The process was tawdry. Negotiators emerged from a weekend conference meeting at 1 a.m. on Dec. 19 with a 774 page tome that the House leadership had moved to a vote by 6 a.m.
Representatives got just five bleary-eyed hours to review a bill that radically reshapes public health insurance, weakens child support and foster care, threatens disability insurance and further erodes public assistance.
On the Senate side, Republicans got their partisan wish only with Vice President Dick Cheney's tie-breaking vote.
Republicans boasted that they were reducing the deficit. But these same Republicans are planning to increase the deficit by an even bigger margin early next year in the next round of tax breaks planned for the nation's wealthiest.
"This is the one vote you'll have this year to reduce the rate of growth of the federal government," said Sen. Judd Gregg, R-N.H., chairman of the Senate Budget Committee.
All year, the Bush administration and many House Republicans have shunted aside moderate governors' and senators' efforts to reform Medicaid.
In the original Senate bill, moderates carefully crafted a bipartisan consensus through months of work, only to have it summarily stripped from the budget deal in the wee hours of that shameful morning. Instead, GOP leaders found savings by taking them from the poor Americans that the health care safety net was designed to help in the first place.
The final bill boosts cost-sharing from the current $3 limit to what could be hundreds of dollars, in some cases. It allows states to charge co-pays of up to 10 percent on each service for families living on $16,000 to $24,000 a year. (That's between 100 percent and 150 percent of the poverty level for a family of three.) Families above that mark could be charged premiums for the first time ever, and charged co-pays up to 20 percent.
The only limitation is that medical bills may not exceed 5 percent of a family's annual income. But that's little comfort for those living so close to the poverty line. Nothing stops a catastrophic event from eating all of a month's income, driving families into homelessness -- and worse.

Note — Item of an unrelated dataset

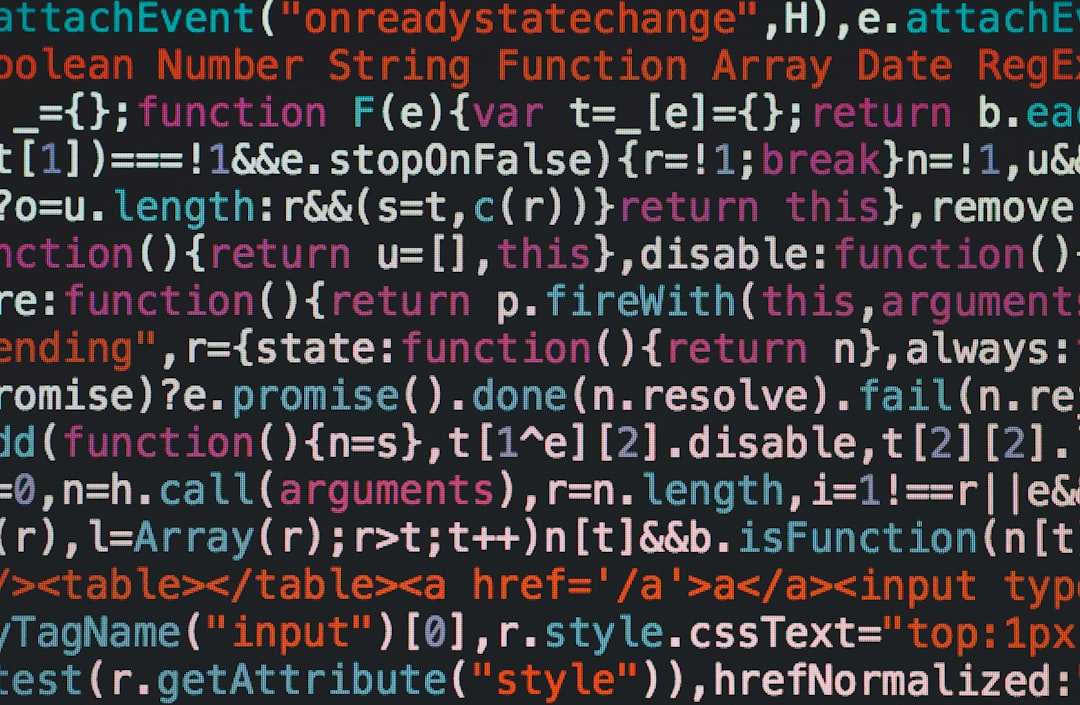 Decoding Technical Specifications Without the Confusion random access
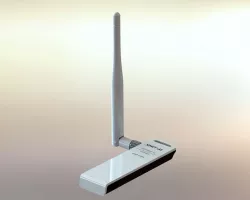 Wireless USB Adapter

All of these bad ideas originated in the House's first bill, and the Congressional Budget Office concluded then that savings would not come from the actual cost-sharing but from discouraging use of public insurance at all. That is a callous way to try to save money.
It is also shortsighted. By cynically discouraging people from using Medicaid coverage, this bill will encourage more people to wait until they are seriously ill to seek care. They will then turn up in emergency rooms, where the cost to the health-care system is higher and the likelihood of successful treatment is lower.
The budget cuts represent a big lump of coal in the stockings of the poor.